(Saved data entries)

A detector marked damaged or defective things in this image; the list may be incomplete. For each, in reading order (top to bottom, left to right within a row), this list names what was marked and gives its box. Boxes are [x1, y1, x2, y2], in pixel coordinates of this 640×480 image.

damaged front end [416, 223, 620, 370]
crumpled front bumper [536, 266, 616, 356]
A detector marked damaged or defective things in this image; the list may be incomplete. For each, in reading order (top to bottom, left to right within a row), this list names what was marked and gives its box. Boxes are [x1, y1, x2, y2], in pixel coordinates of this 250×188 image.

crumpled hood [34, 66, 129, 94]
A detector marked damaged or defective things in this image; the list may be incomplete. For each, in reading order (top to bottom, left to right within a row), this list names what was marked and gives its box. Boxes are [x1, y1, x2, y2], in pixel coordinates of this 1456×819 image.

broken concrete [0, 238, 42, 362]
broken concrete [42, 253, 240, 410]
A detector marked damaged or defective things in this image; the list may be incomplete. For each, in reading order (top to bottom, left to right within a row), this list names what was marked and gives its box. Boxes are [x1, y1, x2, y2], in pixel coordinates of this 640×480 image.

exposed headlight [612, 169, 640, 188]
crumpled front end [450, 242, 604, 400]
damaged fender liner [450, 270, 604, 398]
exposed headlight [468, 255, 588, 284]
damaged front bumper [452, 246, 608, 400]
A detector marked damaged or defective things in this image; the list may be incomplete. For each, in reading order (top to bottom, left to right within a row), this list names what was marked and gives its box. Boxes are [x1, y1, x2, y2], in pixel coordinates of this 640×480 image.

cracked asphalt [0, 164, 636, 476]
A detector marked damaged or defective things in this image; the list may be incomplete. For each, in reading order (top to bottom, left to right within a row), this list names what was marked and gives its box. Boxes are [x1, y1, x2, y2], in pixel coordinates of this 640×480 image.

INSTRUCTIONS FOR THE TASK :: Set down, unchanged, the line that contains "this 1456×819 image." together with every later line in the records, through the last one.

EXPECTED OUTPUT ::
A detector marked damaged or defective things in this image; the list may be incomplete. For each, in reading order (top to bottom, left to right within a row), this list names what was marked and gives its box. Boxes are [x1, y1, x2, y2], in pixel coordinates of this 1456×819 image.

broken concrete [0, 238, 42, 362]
broken concrete [42, 253, 240, 410]
A detector marked damaged or defective things in this image; the list may be incomplete. For each, in reading order (top to bottom, left to right within a row), this list names what was marked and gives its box. Boxes are [x1, y1, x2, y2], in pixel coordinates of this 640×480 image.

exposed headlight [612, 169, 640, 188]
crumpled front end [450, 242, 604, 400]
damaged fender liner [450, 270, 604, 398]
exposed headlight [468, 255, 588, 284]
damaged front bumper [452, 246, 608, 400]
A detector marked damaged or defective things in this image; the list may be incomplete. For each, in reading order (top to bottom, left to right within a row), this list names what was marked and gives its box. Boxes are [x1, y1, x2, y2], in pixel coordinates of this 640×480 image.

cracked asphalt [0, 164, 636, 476]
A detector marked damaged or defective things in this image; the list may be incomplete. For each, in reading order (top to bottom, left to right within a row), this list names what was marked and gives its box. Boxes are [x1, y1, x2, y2], in pixel coordinates of this 640×480 image.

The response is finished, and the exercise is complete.